Rupert's attention threshold

Reading a New York Times analysis of yesterday's appearance by Rupert Murdoch, James Murdoch and Rebekah Brooks before a House of Commons committee, you might be forgiven for wondering, "Who's running this insane asylum?"

The Guardian noted that James Murdoch did not trouble his father with some information:
James Murdoch denied the large out-of-court settlements to the PFA chief executive, Gordon Taylor (£700,000), and publicist Max Clifford (£1m including legal costs), authorised by him in 2008, had not been pitched so high to buy their silence. He insisted the settlement level was based on legal advice, or in the case of Clifford due to the ending of a wider contract.

James Murdoch also revealed he had authorised the settlements but had not told his father until 2009 after the case became public, saying the payments were too small to be reported to a higher board.
(The New York Times also included this information in an early summary of the Murdochs' testimony, but the reference vanished when I refreshed the article.)

This begs the question: what sum would have gotten the board's, and Rupert Murdoch's, attention?

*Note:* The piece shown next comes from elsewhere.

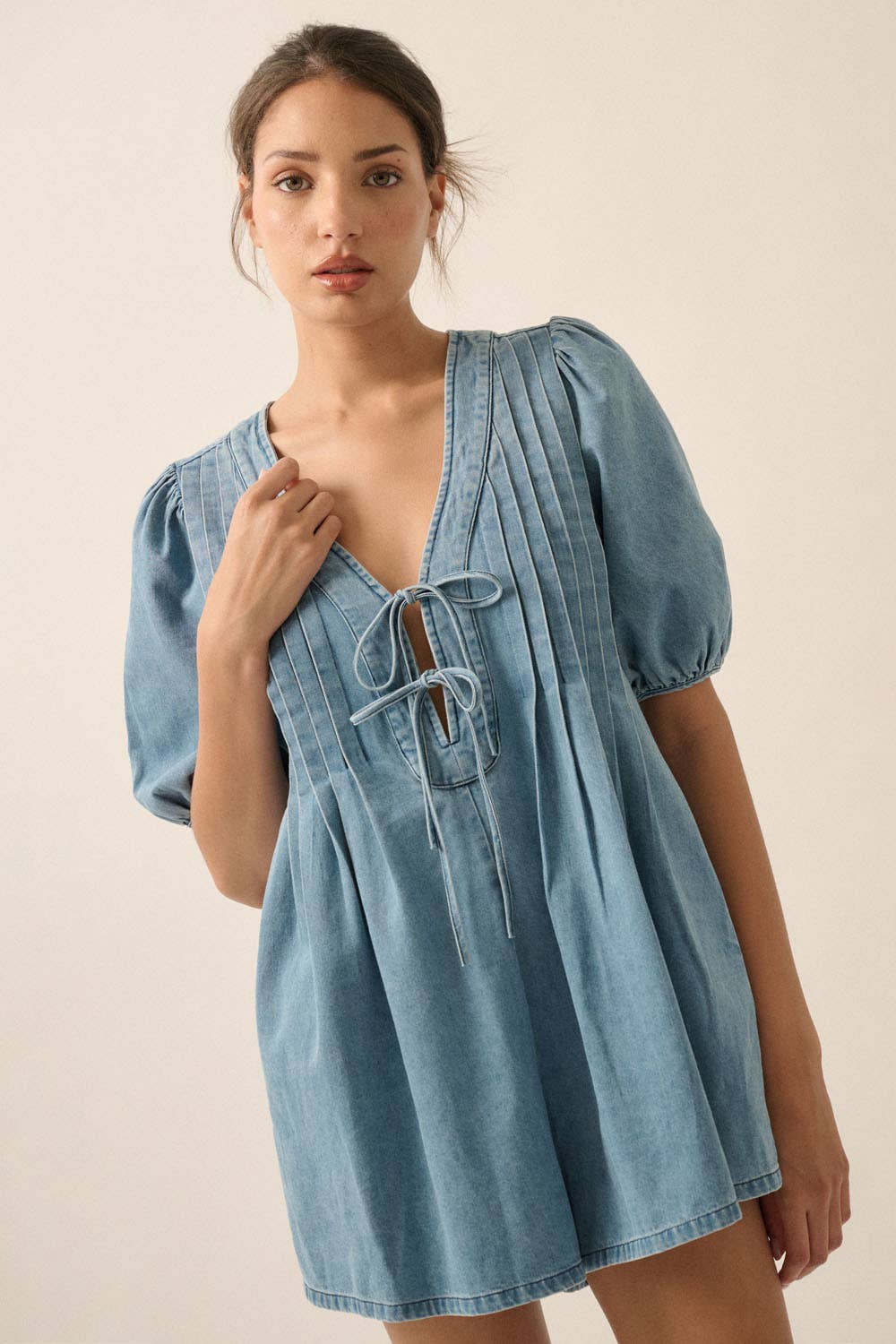 Denim Puff-Sleeve Tie-Front Pleated Romper: Denim Blue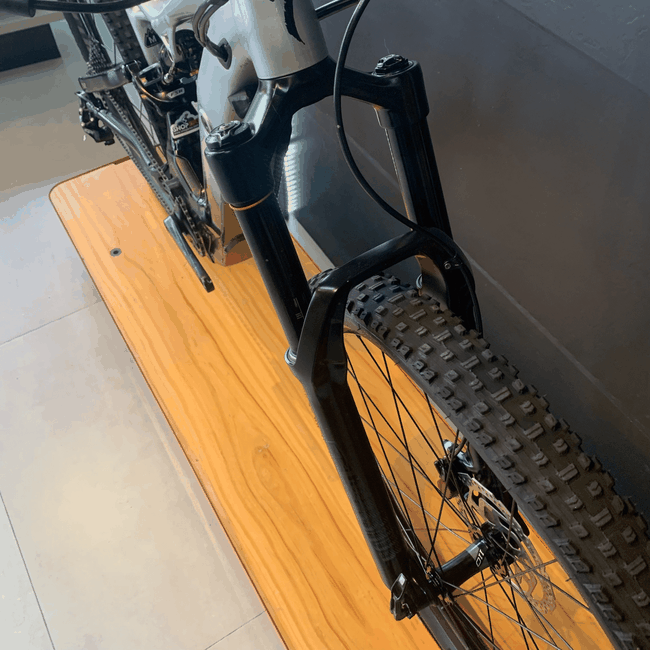 Bicicleta Specialized Turbo Levo Alloy Aro 29 G1 GX 11v T-17 Prata e Preto e Verde-Seminova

I don't know how often companies the size of News Corporation have to reach private settlements with litigants, nor what size such settlements usually are, but it strikes me as odd that you wouldn't advise the chairman and founder of the company that million-pound settlements had been reached. These weren't nuisance lawsuits, after all: they involved high-profile claimants with serious grievances against the company. I say this shows that Rupert has decided that if worse comes to worst, he'll hang James out to dry -- and James has agreed to this arrangement, undoubtedly for an as-yet undisclosed price (though probably not for the chairmanship of News Corp., if James is sacrificed for Rupert).

Oh, and as for the payments not being "pitched so high to buy their silence"? Spare us. News Corp. legally insisted on their silence as part of the settlements.